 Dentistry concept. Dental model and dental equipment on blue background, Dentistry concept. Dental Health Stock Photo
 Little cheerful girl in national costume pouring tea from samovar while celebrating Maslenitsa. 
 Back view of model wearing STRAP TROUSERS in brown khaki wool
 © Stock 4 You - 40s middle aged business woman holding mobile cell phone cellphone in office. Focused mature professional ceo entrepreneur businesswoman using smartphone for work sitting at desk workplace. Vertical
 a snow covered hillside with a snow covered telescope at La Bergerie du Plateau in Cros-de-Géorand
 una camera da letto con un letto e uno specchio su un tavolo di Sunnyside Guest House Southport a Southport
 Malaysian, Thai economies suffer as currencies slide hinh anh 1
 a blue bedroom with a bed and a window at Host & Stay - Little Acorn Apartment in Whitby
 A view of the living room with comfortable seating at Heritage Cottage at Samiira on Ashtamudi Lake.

#####

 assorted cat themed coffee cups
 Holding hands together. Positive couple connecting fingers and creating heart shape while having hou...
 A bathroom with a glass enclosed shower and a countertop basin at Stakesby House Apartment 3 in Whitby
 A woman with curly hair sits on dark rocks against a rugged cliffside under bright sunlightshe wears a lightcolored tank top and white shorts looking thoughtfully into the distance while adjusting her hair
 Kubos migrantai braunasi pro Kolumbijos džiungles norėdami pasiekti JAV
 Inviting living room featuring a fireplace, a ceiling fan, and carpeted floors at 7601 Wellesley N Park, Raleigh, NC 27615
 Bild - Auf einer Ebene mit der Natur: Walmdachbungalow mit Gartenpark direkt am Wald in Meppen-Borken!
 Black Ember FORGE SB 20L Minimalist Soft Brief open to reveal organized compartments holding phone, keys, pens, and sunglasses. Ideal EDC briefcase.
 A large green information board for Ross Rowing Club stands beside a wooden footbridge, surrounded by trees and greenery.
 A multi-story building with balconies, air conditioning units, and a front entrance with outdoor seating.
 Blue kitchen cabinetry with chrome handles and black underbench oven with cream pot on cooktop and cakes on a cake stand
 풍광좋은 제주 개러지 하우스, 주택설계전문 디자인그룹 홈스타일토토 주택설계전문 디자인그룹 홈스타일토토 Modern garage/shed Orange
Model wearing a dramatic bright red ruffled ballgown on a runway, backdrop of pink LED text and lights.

#####

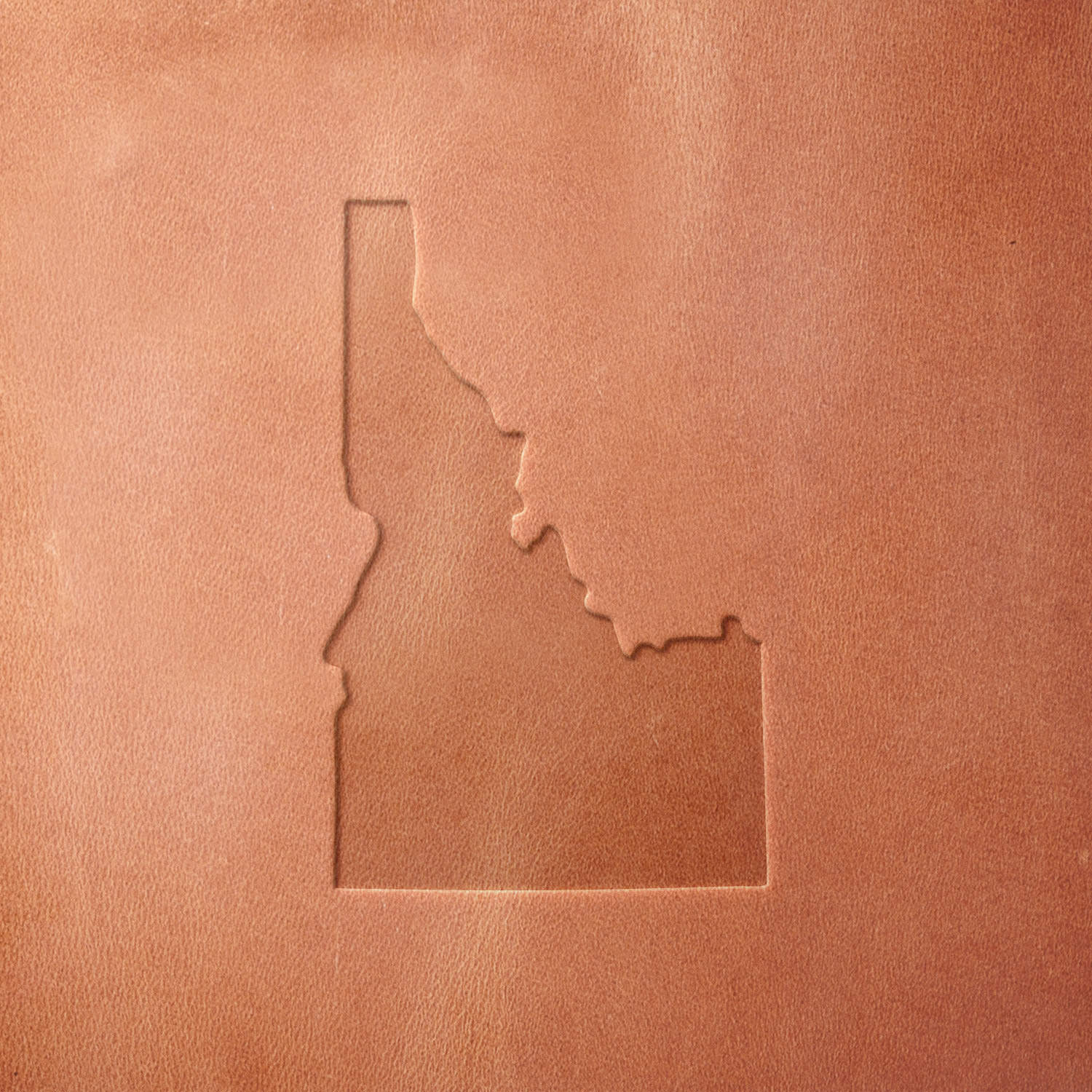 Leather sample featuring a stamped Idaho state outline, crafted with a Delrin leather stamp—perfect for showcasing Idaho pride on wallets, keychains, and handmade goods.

#####

### What you need to do
Where the string "seating" appears in a line of the entries above, return that line.

### Task result
 A view of the living room with comfortable seating at Heritage Cottage at Samiira on Ashtamudi Lake.
 A multi-story building with balconies, air conditioning units, and a front entrance with outdoor seating.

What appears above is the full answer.